→ **AVAILABLE DATA**
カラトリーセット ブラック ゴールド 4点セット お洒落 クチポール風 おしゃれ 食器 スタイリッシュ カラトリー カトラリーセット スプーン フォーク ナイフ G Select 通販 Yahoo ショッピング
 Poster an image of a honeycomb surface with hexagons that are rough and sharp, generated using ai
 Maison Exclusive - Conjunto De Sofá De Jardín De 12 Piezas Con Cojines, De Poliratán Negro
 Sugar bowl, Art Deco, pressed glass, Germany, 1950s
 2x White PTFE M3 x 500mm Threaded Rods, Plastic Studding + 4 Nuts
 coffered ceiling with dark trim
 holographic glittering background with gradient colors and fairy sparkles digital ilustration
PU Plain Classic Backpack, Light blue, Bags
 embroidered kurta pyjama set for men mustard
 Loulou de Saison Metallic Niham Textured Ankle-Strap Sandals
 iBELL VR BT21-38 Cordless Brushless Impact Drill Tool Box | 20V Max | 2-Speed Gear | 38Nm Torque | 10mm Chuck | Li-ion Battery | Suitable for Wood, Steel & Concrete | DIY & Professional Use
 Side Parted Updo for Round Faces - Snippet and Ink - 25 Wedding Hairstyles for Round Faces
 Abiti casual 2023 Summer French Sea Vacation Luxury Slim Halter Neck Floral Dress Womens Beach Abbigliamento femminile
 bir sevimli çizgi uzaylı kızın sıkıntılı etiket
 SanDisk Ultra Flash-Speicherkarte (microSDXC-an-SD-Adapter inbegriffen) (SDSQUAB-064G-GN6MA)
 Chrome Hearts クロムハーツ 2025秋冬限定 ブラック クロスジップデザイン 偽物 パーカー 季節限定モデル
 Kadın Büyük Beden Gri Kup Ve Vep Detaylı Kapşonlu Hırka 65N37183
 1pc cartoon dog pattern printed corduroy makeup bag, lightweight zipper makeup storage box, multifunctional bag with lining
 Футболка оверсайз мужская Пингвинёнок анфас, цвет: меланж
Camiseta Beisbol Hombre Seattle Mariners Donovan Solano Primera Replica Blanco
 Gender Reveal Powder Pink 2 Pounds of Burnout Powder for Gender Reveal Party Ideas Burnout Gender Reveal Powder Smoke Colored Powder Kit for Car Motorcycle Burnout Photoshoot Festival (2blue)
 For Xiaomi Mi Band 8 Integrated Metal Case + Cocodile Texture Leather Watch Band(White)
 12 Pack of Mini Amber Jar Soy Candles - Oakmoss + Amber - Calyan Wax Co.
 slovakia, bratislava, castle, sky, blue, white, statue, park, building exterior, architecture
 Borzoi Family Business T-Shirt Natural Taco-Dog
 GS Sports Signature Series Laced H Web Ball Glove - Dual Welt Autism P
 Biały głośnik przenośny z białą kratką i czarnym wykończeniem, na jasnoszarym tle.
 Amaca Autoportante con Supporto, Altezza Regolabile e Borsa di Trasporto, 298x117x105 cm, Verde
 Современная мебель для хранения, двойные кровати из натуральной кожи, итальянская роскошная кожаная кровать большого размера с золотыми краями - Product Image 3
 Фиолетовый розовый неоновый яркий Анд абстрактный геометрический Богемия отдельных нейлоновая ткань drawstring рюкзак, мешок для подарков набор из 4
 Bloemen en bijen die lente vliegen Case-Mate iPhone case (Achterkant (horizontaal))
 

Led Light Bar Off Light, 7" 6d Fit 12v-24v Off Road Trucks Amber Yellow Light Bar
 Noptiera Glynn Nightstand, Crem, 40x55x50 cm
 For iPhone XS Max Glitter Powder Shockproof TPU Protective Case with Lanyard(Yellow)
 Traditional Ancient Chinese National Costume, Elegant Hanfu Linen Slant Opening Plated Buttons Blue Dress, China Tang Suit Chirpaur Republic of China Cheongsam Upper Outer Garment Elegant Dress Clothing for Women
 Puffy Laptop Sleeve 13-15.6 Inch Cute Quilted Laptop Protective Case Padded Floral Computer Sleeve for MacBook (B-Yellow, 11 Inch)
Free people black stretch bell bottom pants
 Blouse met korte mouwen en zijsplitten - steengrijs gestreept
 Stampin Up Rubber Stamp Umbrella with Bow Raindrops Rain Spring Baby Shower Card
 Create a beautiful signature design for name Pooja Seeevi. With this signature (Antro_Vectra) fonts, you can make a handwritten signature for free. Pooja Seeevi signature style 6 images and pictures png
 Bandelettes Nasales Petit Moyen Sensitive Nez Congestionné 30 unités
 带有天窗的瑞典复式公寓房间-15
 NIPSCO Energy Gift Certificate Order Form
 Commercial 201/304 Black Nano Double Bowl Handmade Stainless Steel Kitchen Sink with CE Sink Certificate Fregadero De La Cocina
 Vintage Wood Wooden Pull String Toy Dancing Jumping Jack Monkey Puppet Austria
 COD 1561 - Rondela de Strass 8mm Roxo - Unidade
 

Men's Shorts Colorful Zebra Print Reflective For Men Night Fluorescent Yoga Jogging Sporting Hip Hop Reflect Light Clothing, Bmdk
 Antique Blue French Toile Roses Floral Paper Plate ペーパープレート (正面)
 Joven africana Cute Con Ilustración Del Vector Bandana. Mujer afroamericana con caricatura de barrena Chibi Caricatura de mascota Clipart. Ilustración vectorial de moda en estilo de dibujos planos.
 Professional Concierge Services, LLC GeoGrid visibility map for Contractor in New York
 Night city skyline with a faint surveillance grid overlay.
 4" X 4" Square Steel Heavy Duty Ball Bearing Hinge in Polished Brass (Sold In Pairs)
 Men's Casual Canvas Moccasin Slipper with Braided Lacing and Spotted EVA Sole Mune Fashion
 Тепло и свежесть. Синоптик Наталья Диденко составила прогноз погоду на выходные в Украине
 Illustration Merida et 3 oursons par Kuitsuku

→ **WHAT YOU ARE ASKED TO DO**
Please state how many lines hold the string "Wood" in the listing above, giving the figure alone.

→ **SOLUTION FOR THIS TASK**
2